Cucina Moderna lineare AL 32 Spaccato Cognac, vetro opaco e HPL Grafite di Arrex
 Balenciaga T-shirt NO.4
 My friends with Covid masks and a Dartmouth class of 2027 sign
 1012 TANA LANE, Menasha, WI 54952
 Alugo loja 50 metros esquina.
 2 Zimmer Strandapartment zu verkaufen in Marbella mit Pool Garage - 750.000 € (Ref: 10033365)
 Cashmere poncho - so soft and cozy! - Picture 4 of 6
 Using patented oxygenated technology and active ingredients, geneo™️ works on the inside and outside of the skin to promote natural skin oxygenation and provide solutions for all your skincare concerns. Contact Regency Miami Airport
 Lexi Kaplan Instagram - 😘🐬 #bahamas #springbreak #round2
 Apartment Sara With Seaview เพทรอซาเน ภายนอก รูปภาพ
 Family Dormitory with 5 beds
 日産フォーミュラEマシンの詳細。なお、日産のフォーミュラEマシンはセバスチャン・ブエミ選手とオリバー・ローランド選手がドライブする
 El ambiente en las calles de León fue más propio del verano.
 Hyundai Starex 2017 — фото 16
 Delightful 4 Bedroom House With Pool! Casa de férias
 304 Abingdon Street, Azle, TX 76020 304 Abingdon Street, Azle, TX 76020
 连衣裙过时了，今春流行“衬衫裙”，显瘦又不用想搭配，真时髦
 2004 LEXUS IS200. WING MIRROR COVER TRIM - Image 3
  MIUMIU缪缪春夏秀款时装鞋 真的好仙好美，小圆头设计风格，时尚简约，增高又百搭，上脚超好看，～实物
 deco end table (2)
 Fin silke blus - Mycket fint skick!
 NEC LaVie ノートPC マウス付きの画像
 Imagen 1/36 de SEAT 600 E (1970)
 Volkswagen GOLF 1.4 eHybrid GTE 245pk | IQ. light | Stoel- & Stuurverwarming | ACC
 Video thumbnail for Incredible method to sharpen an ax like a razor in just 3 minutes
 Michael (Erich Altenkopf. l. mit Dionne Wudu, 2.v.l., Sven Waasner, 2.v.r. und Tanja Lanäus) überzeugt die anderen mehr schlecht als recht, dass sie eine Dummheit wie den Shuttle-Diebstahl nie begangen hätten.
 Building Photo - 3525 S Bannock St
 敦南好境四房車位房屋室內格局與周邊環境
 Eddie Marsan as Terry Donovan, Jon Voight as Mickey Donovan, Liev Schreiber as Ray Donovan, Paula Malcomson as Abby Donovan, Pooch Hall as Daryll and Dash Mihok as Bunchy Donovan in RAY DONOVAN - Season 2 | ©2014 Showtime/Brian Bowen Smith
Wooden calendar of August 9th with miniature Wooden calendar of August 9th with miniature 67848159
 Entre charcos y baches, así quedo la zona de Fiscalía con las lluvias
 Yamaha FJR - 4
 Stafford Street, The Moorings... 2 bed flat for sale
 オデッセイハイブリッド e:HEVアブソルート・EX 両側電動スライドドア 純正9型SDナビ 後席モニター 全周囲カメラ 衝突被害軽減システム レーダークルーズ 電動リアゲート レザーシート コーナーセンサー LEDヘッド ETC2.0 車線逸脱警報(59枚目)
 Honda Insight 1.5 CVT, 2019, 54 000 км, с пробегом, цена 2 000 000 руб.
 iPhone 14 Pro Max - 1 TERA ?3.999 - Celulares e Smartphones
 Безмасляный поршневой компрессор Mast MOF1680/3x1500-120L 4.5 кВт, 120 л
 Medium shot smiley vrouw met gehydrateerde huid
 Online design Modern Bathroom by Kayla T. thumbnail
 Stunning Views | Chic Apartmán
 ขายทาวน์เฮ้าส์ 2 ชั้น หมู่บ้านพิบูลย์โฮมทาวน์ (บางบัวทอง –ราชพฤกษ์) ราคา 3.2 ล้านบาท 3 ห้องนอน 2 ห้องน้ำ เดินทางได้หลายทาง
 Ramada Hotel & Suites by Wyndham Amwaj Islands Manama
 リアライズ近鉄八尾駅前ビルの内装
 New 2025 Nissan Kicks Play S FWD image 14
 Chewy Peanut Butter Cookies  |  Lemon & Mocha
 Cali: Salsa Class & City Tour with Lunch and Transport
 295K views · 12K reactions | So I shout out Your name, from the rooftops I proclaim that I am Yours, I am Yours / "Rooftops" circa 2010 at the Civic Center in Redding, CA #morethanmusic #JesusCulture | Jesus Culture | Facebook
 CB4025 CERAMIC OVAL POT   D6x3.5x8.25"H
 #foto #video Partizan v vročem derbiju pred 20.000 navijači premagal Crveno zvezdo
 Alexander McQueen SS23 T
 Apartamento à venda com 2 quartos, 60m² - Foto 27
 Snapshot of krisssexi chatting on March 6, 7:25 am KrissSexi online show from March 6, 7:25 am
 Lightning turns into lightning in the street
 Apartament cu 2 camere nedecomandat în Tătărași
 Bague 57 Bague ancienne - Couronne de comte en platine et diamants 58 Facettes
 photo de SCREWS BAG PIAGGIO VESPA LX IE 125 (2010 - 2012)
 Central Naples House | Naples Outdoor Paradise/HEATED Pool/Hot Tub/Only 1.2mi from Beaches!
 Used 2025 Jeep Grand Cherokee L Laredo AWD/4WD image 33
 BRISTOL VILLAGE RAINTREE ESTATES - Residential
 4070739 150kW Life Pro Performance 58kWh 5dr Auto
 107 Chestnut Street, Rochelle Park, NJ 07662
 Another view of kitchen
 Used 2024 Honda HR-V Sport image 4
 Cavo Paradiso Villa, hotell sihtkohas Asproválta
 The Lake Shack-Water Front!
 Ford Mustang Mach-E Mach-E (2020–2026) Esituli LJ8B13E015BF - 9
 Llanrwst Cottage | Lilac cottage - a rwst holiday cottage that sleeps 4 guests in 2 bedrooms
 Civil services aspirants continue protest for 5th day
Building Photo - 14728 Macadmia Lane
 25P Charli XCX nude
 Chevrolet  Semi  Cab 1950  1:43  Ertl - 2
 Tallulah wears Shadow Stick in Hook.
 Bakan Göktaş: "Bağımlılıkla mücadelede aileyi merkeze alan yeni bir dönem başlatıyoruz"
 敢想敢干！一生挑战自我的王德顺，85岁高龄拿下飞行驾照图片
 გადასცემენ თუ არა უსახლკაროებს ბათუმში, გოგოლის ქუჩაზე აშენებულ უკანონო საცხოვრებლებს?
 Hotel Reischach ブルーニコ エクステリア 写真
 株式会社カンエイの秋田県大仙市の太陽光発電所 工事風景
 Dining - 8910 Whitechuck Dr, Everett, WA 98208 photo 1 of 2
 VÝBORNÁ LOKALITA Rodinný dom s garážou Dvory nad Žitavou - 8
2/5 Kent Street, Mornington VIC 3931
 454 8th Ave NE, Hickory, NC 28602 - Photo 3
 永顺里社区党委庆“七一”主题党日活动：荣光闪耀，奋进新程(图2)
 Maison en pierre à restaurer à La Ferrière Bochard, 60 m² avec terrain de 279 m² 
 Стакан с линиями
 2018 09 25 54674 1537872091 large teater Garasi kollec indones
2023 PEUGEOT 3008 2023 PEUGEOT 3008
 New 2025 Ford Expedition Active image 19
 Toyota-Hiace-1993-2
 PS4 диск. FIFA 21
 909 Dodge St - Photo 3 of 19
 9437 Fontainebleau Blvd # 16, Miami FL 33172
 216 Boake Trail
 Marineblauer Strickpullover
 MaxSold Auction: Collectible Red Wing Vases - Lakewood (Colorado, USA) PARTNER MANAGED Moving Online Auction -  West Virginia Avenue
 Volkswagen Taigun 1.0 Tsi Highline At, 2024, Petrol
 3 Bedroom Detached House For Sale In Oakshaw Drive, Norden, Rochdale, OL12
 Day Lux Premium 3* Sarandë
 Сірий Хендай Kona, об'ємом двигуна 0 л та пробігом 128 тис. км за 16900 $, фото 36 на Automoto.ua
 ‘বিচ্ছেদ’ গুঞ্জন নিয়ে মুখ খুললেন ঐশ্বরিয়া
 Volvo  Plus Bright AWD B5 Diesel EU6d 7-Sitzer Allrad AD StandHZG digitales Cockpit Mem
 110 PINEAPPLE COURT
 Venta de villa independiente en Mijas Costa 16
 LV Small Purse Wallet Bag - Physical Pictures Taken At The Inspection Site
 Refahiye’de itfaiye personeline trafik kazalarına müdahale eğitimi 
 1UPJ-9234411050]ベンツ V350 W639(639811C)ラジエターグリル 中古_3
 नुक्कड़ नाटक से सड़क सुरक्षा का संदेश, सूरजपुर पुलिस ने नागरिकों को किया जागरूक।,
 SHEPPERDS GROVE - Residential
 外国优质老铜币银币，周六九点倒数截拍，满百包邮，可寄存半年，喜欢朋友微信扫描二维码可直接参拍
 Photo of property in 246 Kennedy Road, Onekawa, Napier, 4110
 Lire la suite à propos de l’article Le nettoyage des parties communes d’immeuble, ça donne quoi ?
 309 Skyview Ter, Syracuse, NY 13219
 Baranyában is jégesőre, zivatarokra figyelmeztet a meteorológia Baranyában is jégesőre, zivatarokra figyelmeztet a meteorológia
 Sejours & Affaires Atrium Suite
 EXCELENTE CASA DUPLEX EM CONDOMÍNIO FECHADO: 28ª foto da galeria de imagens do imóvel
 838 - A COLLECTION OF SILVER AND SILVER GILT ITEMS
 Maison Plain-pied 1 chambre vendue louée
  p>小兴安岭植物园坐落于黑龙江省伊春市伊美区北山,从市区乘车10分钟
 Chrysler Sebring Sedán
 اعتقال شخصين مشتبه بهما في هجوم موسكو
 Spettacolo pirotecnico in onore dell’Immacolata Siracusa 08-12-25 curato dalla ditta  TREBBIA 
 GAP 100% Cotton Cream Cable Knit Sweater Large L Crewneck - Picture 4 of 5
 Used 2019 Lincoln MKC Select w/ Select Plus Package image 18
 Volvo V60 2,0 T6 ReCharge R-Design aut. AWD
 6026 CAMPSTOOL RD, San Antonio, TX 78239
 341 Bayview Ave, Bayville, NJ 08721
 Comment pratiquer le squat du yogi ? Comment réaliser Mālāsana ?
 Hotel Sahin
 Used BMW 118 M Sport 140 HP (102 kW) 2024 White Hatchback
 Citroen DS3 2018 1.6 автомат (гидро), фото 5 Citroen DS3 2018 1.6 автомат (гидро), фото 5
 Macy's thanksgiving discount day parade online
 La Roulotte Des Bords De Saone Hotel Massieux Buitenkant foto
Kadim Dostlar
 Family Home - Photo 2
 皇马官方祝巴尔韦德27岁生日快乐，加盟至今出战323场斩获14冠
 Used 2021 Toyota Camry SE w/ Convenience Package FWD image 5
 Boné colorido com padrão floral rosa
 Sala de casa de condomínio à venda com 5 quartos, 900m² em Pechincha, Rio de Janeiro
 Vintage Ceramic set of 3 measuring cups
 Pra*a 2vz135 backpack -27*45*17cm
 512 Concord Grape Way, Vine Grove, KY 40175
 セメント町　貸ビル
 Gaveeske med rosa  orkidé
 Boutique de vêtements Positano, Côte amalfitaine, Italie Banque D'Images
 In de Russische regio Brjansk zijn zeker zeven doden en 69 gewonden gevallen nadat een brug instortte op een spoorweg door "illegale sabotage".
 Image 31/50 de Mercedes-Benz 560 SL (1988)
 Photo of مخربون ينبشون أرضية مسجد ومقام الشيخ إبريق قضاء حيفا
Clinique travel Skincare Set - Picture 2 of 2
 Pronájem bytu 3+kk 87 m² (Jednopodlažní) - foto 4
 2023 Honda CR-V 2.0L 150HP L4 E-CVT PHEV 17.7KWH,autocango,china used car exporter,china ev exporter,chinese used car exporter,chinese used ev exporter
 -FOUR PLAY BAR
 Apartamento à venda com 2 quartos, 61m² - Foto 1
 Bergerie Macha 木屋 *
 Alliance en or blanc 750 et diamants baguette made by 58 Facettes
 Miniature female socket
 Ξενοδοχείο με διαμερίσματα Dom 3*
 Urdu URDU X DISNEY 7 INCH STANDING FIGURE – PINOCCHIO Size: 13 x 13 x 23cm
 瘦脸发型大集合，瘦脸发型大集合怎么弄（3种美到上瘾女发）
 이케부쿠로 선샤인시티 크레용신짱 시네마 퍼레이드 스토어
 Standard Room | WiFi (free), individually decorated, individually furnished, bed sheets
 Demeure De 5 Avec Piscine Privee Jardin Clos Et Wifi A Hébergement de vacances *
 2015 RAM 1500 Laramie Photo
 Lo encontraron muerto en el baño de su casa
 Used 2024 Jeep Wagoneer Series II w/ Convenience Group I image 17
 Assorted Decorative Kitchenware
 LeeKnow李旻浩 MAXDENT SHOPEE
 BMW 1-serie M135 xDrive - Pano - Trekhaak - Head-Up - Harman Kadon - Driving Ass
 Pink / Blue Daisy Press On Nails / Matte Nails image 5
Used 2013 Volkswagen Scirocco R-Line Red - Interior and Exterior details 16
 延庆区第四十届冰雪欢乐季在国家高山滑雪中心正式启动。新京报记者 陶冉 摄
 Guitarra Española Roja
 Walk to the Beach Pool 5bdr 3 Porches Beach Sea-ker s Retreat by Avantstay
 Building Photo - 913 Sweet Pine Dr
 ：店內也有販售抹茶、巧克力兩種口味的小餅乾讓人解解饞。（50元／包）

+ + + +

In the listing above, find the line with "Сірий Хендай Kona, об'ємом" and the line with "Kadim Dostlar", then print exactly those lines and every line between them.

OUTPUT FOR THIS EXERCISE:
 Сірий Хендай Kona, об'ємом двигуна 0 л та пробігом 128 тис. км за 16900 $, фото 36 на Automoto.ua
 ‘বিচ্ছেদ’ গুঞ্জন নিয়ে মুখ খুললেন ঐশ্বরিয়া
 Volvo  Plus Bright AWD B5 Diesel EU6d 7-Sitzer Allrad AD StandHZG digitales Cockpit Mem
 110 PINEAPPLE COURT
 Venta de villa independiente en Mijas Costa 16
 LV Small Purse Wallet Bag - Physical Pictures Taken At The Inspection Site
 Refahiye’de itfaiye personeline trafik kazalarına müdahale eğitimi 
 1UPJ-9234411050]ベンツ V350 W639(639811C)ラジエターグリル 中古_3
 नुक्कड़ नाटक से सड़क सुरक्षा का संदेश, सूरजपुर पुलिस ने नागरिकों को किया जागरूक।,
 SHEPPERDS GROVE - Residential
 外国优质老铜币银币，周六九点倒数截拍，满百包邮，可寄存半年，喜欢朋友微信扫描二维码可直接参拍
 Photo of property in 246 Kennedy Road, Onekawa, Napier, 4110
 Lire la suite à propos de l’article Le nettoyage des parties communes d’immeuble, ça donne quoi ?
 309 Skyview Ter, Syracuse, NY 13219
 Baranyában is jégesőre, zivatarokra figyelmeztet a meteorológia Baranyában is jégesőre, zivatarokra figyelmeztet a meteorológia
 Sejours & Affaires Atrium Suite
 EXCELENTE CASA DUPLEX EM CONDOMÍNIO FECHADO: 28ª foto da galeria de imagens do imóvel
 838 - A COLLECTION OF SILVER AND SILVER GILT ITEMS
 Maison Plain-pied 1 chambre vendue louée
  p>小兴安岭植物园坐落于黑龙江省伊春市伊美区北山,从市区乘车10分钟
 Chrysler Sebring Sedán
 اعتقال شخصين مشتبه بهما في هجوم موسكو
 Spettacolo pirotecnico in onore dell’Immacolata Siracusa 08-12-25 curato dalla ditta  TREBBIA 
 GAP 100% Cotton Cream Cable Knit Sweater Large L Crewneck - Picture 4 of 5
 Used 2019 Lincoln MKC Select w/ Select Plus Package image 18
 Volvo V60 2,0 T6 ReCharge R-Design aut. AWD
 6026 CAMPSTOOL RD, San Antonio, TX 78239
 341 Bayview Ave, Bayville, NJ 08721
 Comment pratiquer le squat du yogi ? Comment réaliser Mālāsana ?
 Hotel Sahin
 Used BMW 118 M Sport 140 HP (102 kW) 2024 White Hatchback
 Citroen DS3 2018 1.6 автомат (гидро), фото 5 Citroen DS3 2018 1.6 автомат (гидро), фото 5
 Macy's thanksgiving discount day parade online
 La Roulotte Des Bords De Saone Hotel Massieux Buitenkant foto
Kadim Dostlar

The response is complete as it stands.